Summary: Just like the disciples' hopelessness and despair was turned into joy and peace, so Jesus moves in our lives giving us the peace that passes all understanding.

John 20:19-31 “Shalom”


Does is seem to you that Easter Day was a long time ago? So much has happened this past week and it feels like the loud proclamations, “He is Risen,” and “He is Risen Indeed,” are now only faint whisperings.

Yes, Jesus has risen from the dead. Yes, Jesus has conquered death and he has given us victory over sin, death, and the devil. Yes, Jesus has brought in the Kingdom of God and has enabled us to live an abundant life and be truly free. There are times, though, when it doesn’t seem that is the case. Sometimes the challenges and struggles of life bring doubts with them.

Our gospel text today allows us to confess our doubts, address them constructively, and experience “shalom” a peace that encompasses our entire life.


The disciples were huddled together in an upper room; hiding behind closed and locked doors. Even though they knew that Jesus’ tomb was empty and they had been told three times that he was going to be raised from the dead, they still didn’t understand what had happened. Confusion and fear filled the room. It didn’t seem like Jesus had risen from the dead.

It wasn’t until Jesus entered the room that the disciples were able to experience shalom/peace in the midst of their storm tossed emotions and thoughts.

The early Christians who followed the disciples face many of the same storms. They faced persecution, and broken family relationships because of their choice to follow Jesus. There were economic hardships on top of the regular challenges and struggles of life.

The early Christians didn’t have the experience of seeing Jesus and touching his hands and side as the disciples did. Members of the early church only had their faith the Jesus had truly raised from the dead.
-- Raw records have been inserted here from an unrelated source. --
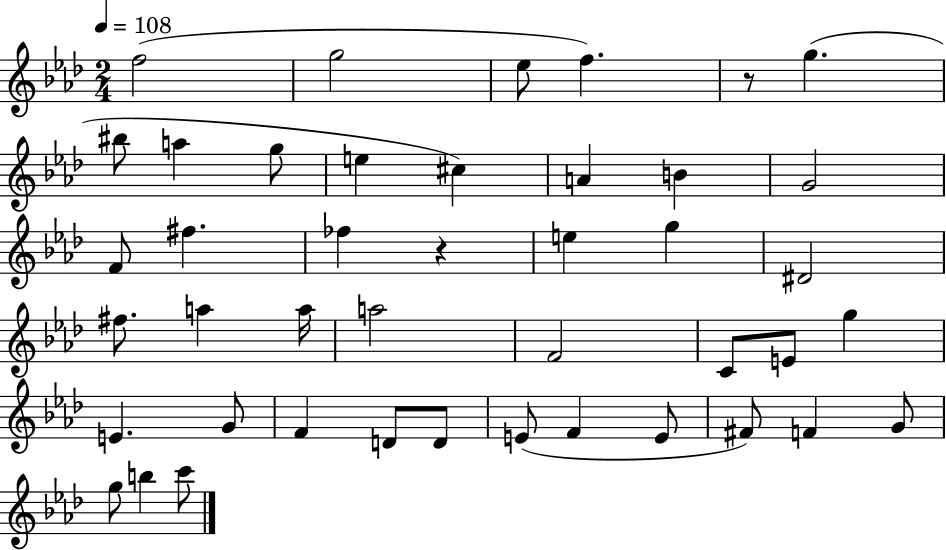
F5/h G5/h Eb5/e F5/q. R/e G5/q. BIS5/e A5/q G5/e E5/q C#5/q A4/q B4/q G4/h F4/e F#5/q. FES5/q R/q E5/q G5/q D#4/h F#5/e. A5/q A5/s A5/h F4/h C4/e E4/e G5/q E4/q. G4/e F4/q D4/e D4/e E4/e F4/q E4/e F#4/e F4/q G4/e G5/e B5/q C6/e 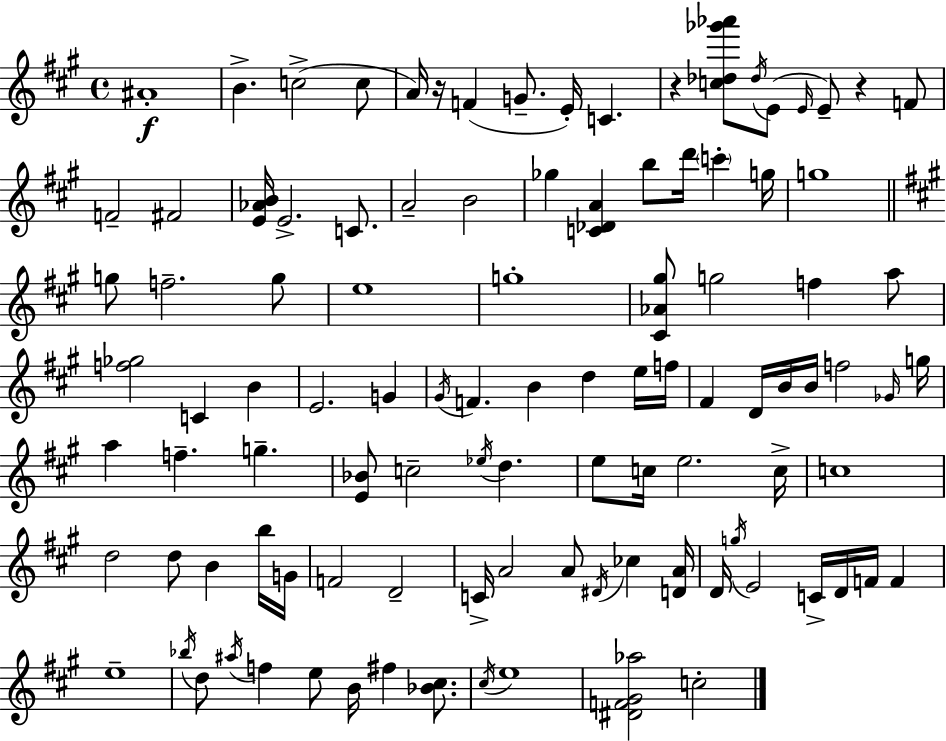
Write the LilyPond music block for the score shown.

{
  \clef treble
  \time 4/4
  \defaultTimeSignature
  \key a \major
  ais'1-.\f | b'4.-> c''2->( c''8 | a'16) r16 f'4( g'8.-- e'16-.) c'4. | r4 <c'' des'' ges''' aes'''>8 \acciaccatura { des''16 }( e'8 \grace { e'16 }) e'8-- r4 | \break f'8 f'2-- fis'2 | <e' aes' b'>16 e'2.-> c'8. | a'2-- b'2 | ges''4 <c' des' a'>4 b''8 d'''16 \parenthesize c'''4-. | \break g''16 g''1 | \bar "||" \break \key a \major g''8 f''2.-- g''8 | e''1 | g''1-. | <cis' aes' gis''>8 g''2 f''4 a''8 | \break <f'' ges''>2 c'4 b'4 | e'2. g'4 | \acciaccatura { gis'16 } f'4. b'4 d''4 e''16 | f''16 fis'4 d'16 b'16 b'16 f''2 | \break \grace { ges'16 } g''16 a''4 f''4.-- g''4.-- | <e' bes'>8 c''2-- \acciaccatura { ees''16 } d''4. | e''8 c''16 e''2. | c''16-> c''1 | \break d''2 d''8 b'4 | b''16 g'16 f'2 d'2-- | c'16-> a'2 a'8 \acciaccatura { dis'16 } ces''4 | <d' a'>16 d'16 \acciaccatura { g''16 } e'2 c'16-> d'16 | \break f'16 f'4 e''1-- | \acciaccatura { bes''16 } d''8 \acciaccatura { ais''16 } f''4 e''8 b'16 | fis''4 <bes' cis''>8. \acciaccatura { cis''16 } e''1 | <dis' f' gis' aes''>2 | \break c''2-. \bar "|."
}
It was this faith that allowed them to experience shalom/peace in their lives no matter what the situations were that they faced.
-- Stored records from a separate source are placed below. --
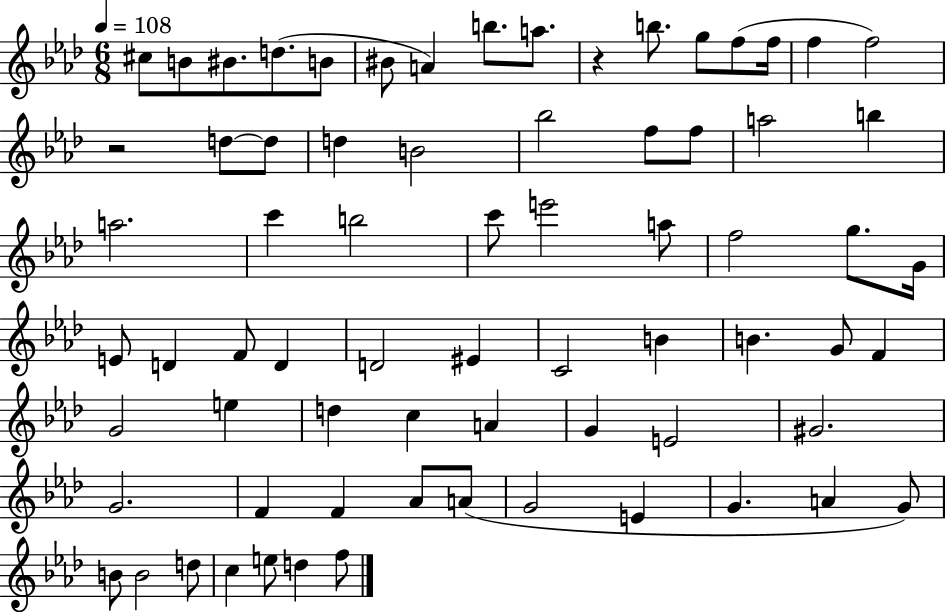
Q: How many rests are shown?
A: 2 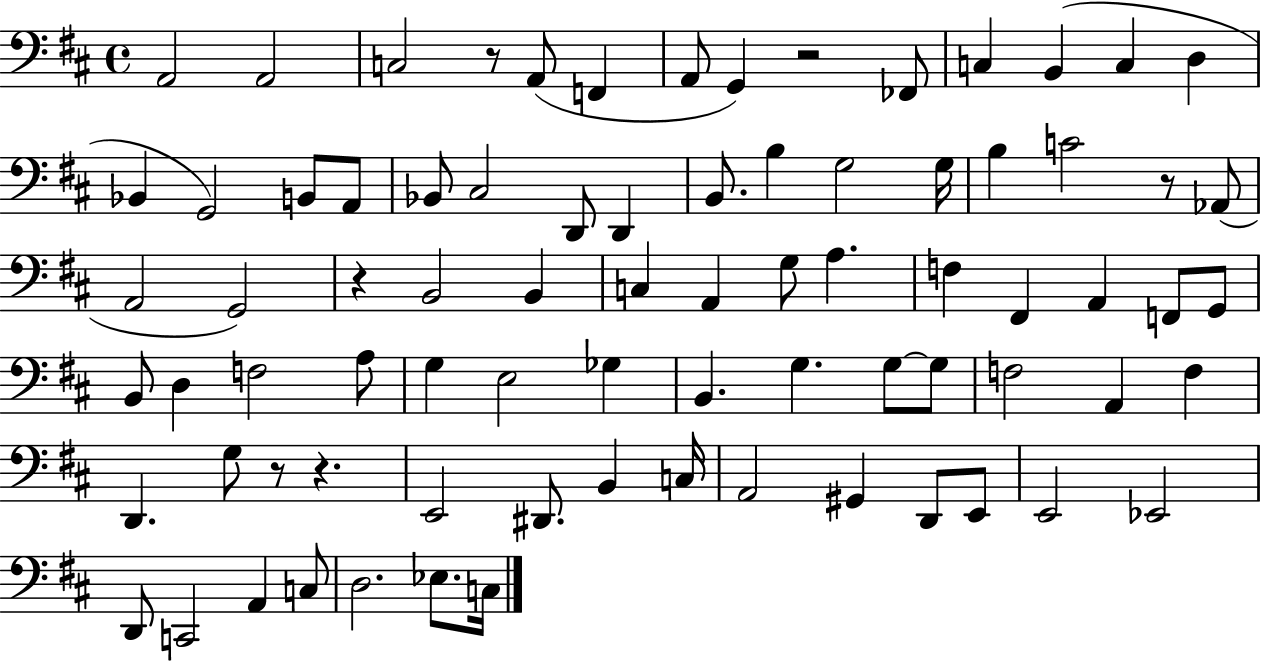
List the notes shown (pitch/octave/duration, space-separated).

A2/h A2/h C3/h R/e A2/e F2/q A2/e G2/q R/h FES2/e C3/q B2/q C3/q D3/q Bb2/q G2/h B2/e A2/e Bb2/e C#3/h D2/e D2/q B2/e. B3/q G3/h G3/s B3/q C4/h R/e Ab2/e A2/h G2/h R/q B2/h B2/q C3/q A2/q G3/e A3/q. F3/q F#2/q A2/q F2/e G2/e B2/e D3/q F3/h A3/e G3/q E3/h Gb3/q B2/q. G3/q. G3/e G3/e F3/h A2/q F3/q D2/q. G3/e R/e R/q. E2/h D#2/e. B2/q C3/s A2/h G#2/q D2/e E2/e E2/h Eb2/h D2/e C2/h A2/q C3/e D3/h. Eb3/e. C3/s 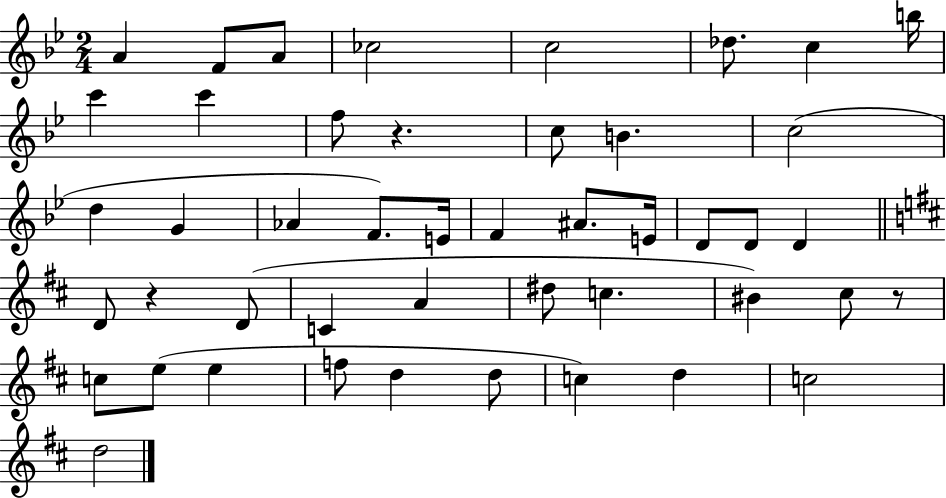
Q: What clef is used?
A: treble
We are in a very similar situation as the early Christians. We read the scriptures and the accounts of the empty tomb, but there are times when it is difficult to believe that Jesus really was raised from the dead. We doubt.
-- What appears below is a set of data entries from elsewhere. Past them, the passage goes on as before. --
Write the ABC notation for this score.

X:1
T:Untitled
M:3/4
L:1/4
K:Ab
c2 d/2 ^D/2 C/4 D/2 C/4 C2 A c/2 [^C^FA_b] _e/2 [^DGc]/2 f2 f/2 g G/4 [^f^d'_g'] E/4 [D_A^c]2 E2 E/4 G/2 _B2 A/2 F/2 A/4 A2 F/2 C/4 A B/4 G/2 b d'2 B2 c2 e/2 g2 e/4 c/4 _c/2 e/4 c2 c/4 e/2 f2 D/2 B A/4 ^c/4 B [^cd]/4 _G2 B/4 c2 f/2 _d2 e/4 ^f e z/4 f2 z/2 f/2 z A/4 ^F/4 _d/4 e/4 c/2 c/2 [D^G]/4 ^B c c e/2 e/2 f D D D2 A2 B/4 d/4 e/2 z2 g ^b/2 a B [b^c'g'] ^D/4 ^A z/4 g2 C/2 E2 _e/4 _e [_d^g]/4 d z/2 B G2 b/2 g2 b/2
A month ago I was asked to officiate at a graveside service for a seventeen year-old girl. She had been on a date with her boyfriend, when the car in which she was riding was involved in an accident and she was killed. Her parents received the worst call any parent could receive—the one all parents dread. Two weeks after the accident, when I first meet them, their grief was still palpable. They couldn’t see God in any of what happened. To them Jesus hadn’t risen from the dead. If he had been raised, this wouldn’t have happened to their daughter.

I think everyone of us knows someone who has lost a job—they may be a family members, friend, or neighbor. We’ve seen the drastic changes in their lives unemployment has caused. Perhaps we have even seen them lose their home. They may have confided in us how frustrating it is to look for a job and not find one, to have no response from employers, or to come in second or third in the selection process. They ask themselves where is God in all of this, and wonder if this would have really happened if Jesus truly had been raised from the dead.

The list of trials and tribulations is endless. As we struggle to live faithfully, we wonder why such things happen and why God doesn’t move and show himself. We want to see a sign from God and when we don’t receive that sign, we doubt.

Even with Jesus standing in the middle of the gathering of disciples, they still wanted to touch his hands and his side. They wanted to make sure. Thomas refused to believe that Jesus had risen from the dead until he touched Jesus’ hands and side, also.

In talking with Thomas, Jesus did not condemn him or ridicule him for his doubting and his lack of faith. Rather, Jesus commended those who did not see, but still believe—all of us following the disciples.


In this passage of scripture, we see that doubt is a part of faith. Doubt is not the opposite of faith. Doubt may enable us to grow in faith, or to clarify what we believe and how we live out that belief.

When we understand this fact, we realize that peace does not come from an absence of doubt. Nor does peace come from not having any struggles in our lives—though that would be nice.

Peace comes from Jesus and his presence in our lives. Peace comes from Jesus standing in our boat in the middle of the storm. Peace comes from remembering God’s steadfast love, overwhelming grace, and unconditional forgiveness. How do you spell “Peace”? J-E-S-U-S.